Search code examples
pythonnumpy-ndarraycolumnsorting

How to sort a 2d numpy array by the columns with the biggest sum


I have a 2D array with shape (35,6004) and I want to sort it based on the sum of the columns. So if I had for example

array([[5, 3, 13], 
       [1, 2, 20],
       [6, 2,  6]])

I want to sort my array to be like so

array([[13, 5, 3], 
       [20, 1, 2],
       [6 , 6, 2]]).

I tried finding the index of the column

def find_max_col(o):
    t = o.sum(axis=0)
    te = t.tolist()
    return te.index(t.max())

then I use the output of that function to sort the array

test = array[array[:, find_max_col(array)].argsort()]

and do this to check and see if it was successful

t1 = test.sum(axis=0)
print(t1)

As I understand if I sort according to the column with the biggest sum, I should get an array that shows me the sums of all the columns in a descending form as the output of the above code.

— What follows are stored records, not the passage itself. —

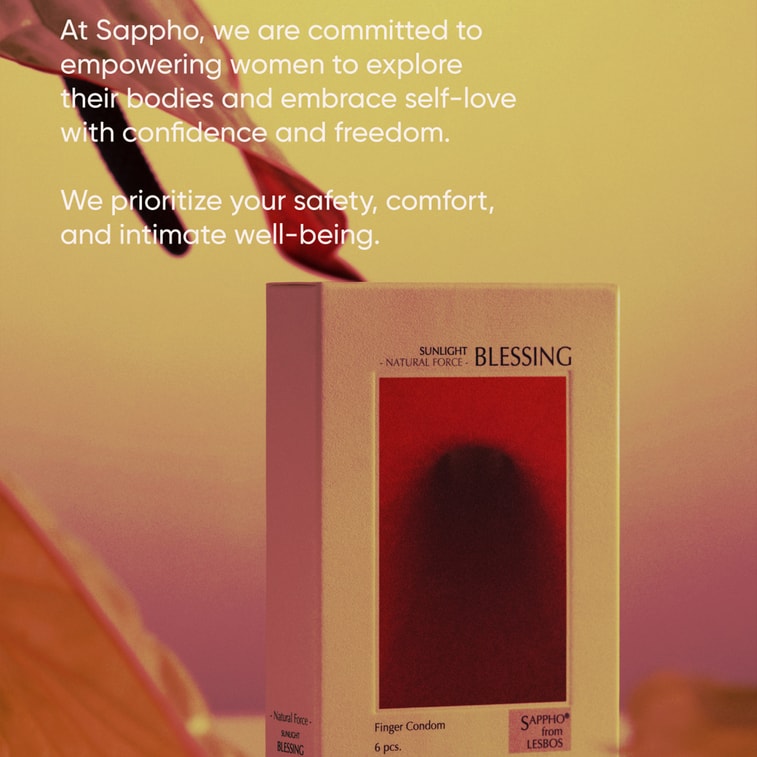 サッフォフォロムレス ナチュラルフォースシリーズ サンライトパンパーリング ヒアルロン酸 潤滑剤 大人用 女性用 セックストイ バレンタインデー エッセンシャル レズビアン フィンガースリーブ 1箱（12個入り） 4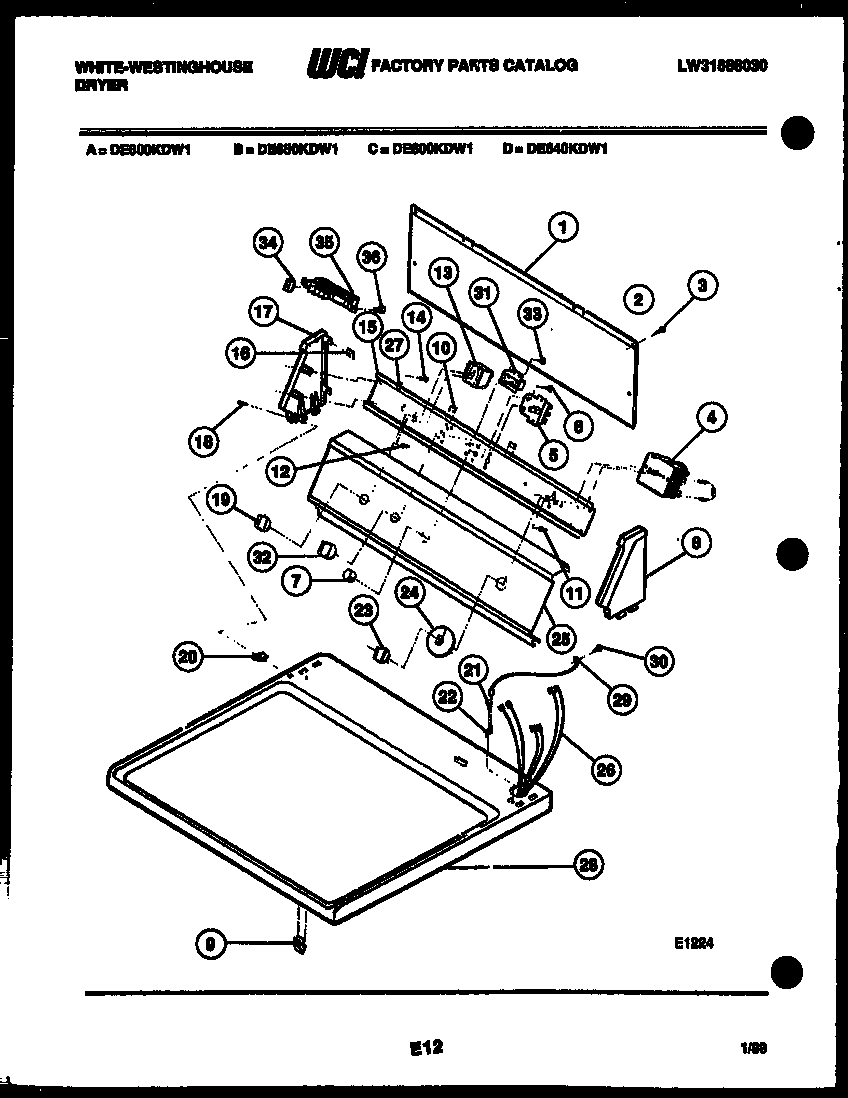 CONSOLE AND CONTROL PARTS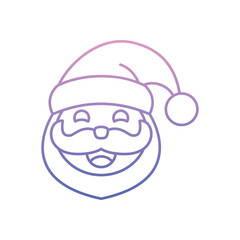 Santa Claus icon clean and modern vector illustration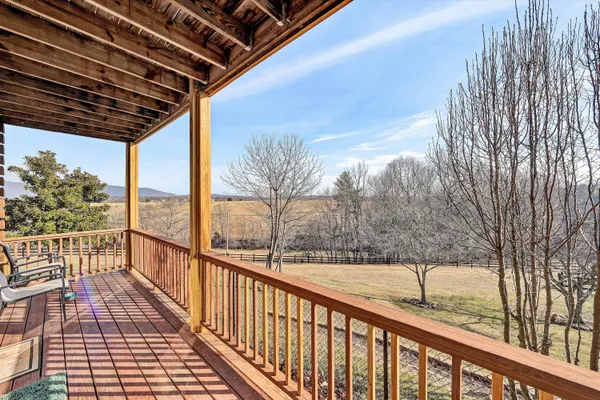 a view of porch with seating space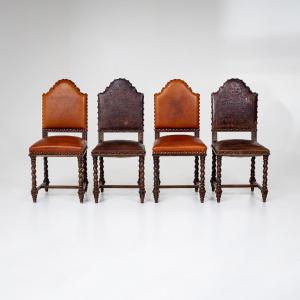 Historic Dining Chairs, Germany, Late 19th Century
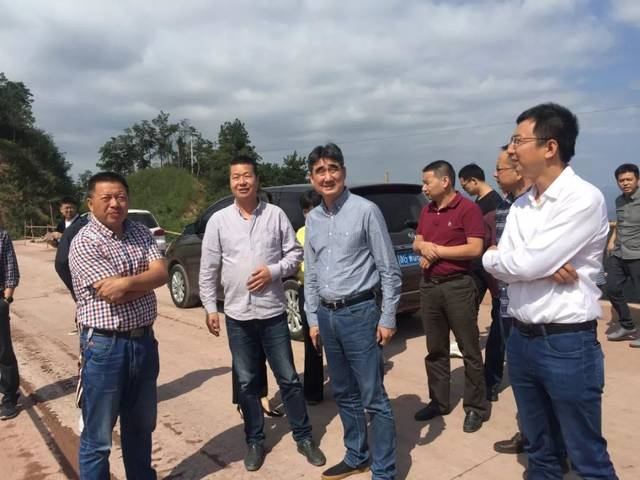 金华市自然资源和规划局张全胜副局长一行莅临兰溪开展重点工作督查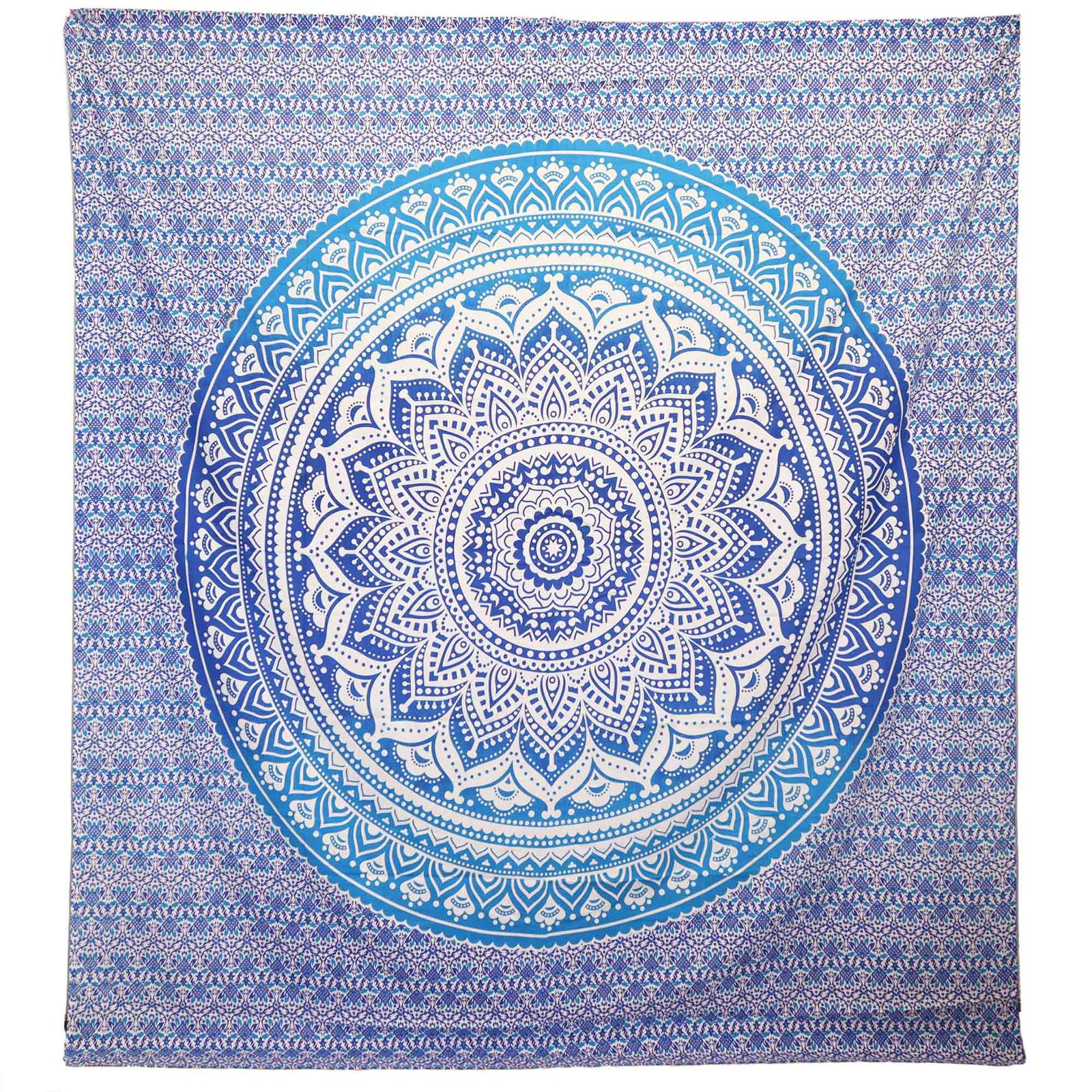 Tapiz Pared / Pareo - Mandala - Azul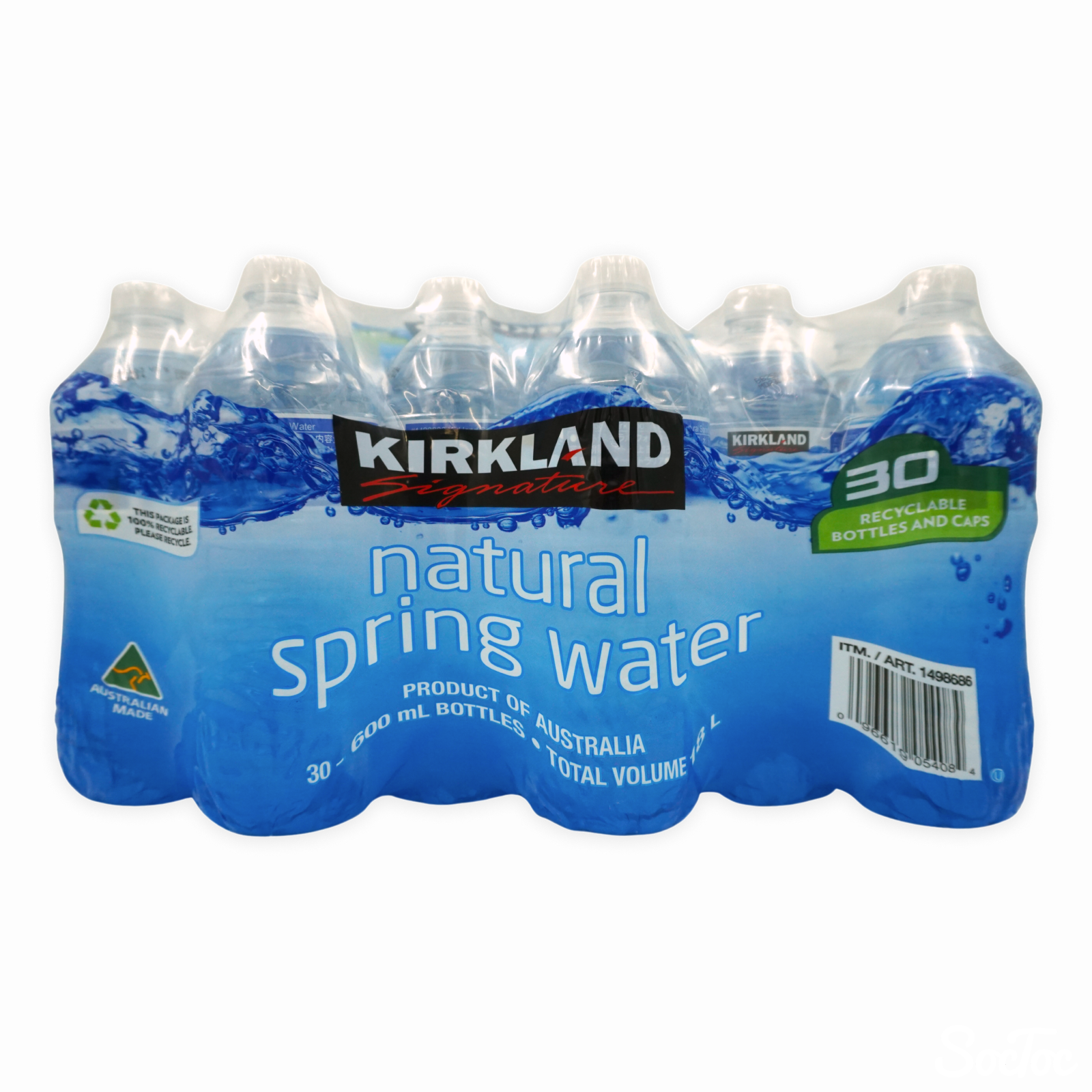 KIRKLAND SIGNATURE スプリングウォーター 600ml x 30本 | SocToc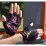 Перчатки для фитнеса и тяжелой атлетики MadMax MFG-770 Flower Power Gloves Black/Pink S - 6 - Robinzon.ua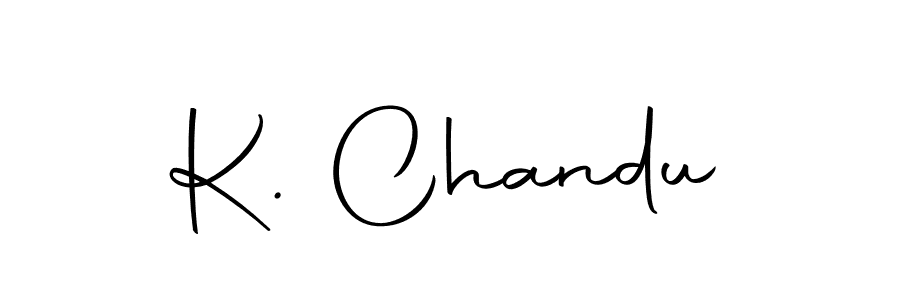 Use a signature maker to create a handwritten signature online. With this signature software, you can design (Autography-DOLnW) your own signature for name K. Chandu. K. Chandu signature style 10 images and pictures png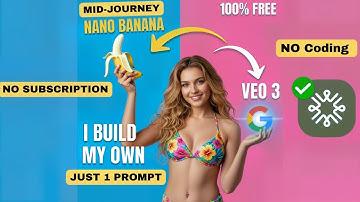 I Built My Own Nano Banana, Veo 3 & MidJourney FREE with Just 1 Prompt (No Coding)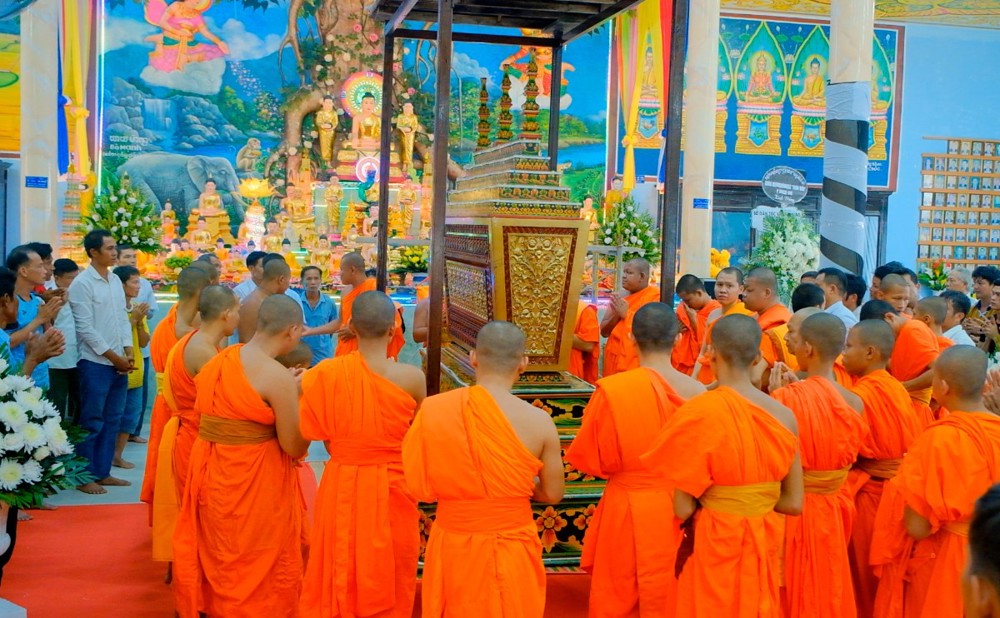 An Giang: Trang nghiêm lễ nhập kim quan Hòa thượng Danh Lân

Is my code for checking if worked wrong, did I make a mistake in the sorting or did I not even find the correct index of the column to sort by?


Solution

  • I'm not sure if your solution is incorrect, but it is certainly more complicated than necessary:

    >>> a = np.array([[5, 3, 13],
                      [1, 2, 20],
                      [6, 2,  6]])
    
    >>> a[:, a.sum(axis=0).argsort()]  # sort columns small-to-large
    array([[ 3,  5, 13],
           [ 2,  1, 20],
           [ 2,  6,  6]])
    
    >>> a[:, (a.sum(axis=0)*-1).argsort()]  # multiply sums by -1 to sort large-to-small
    array([[13,  5,  3],
           [20,  1,  2],
           [ 6,  6,  2]])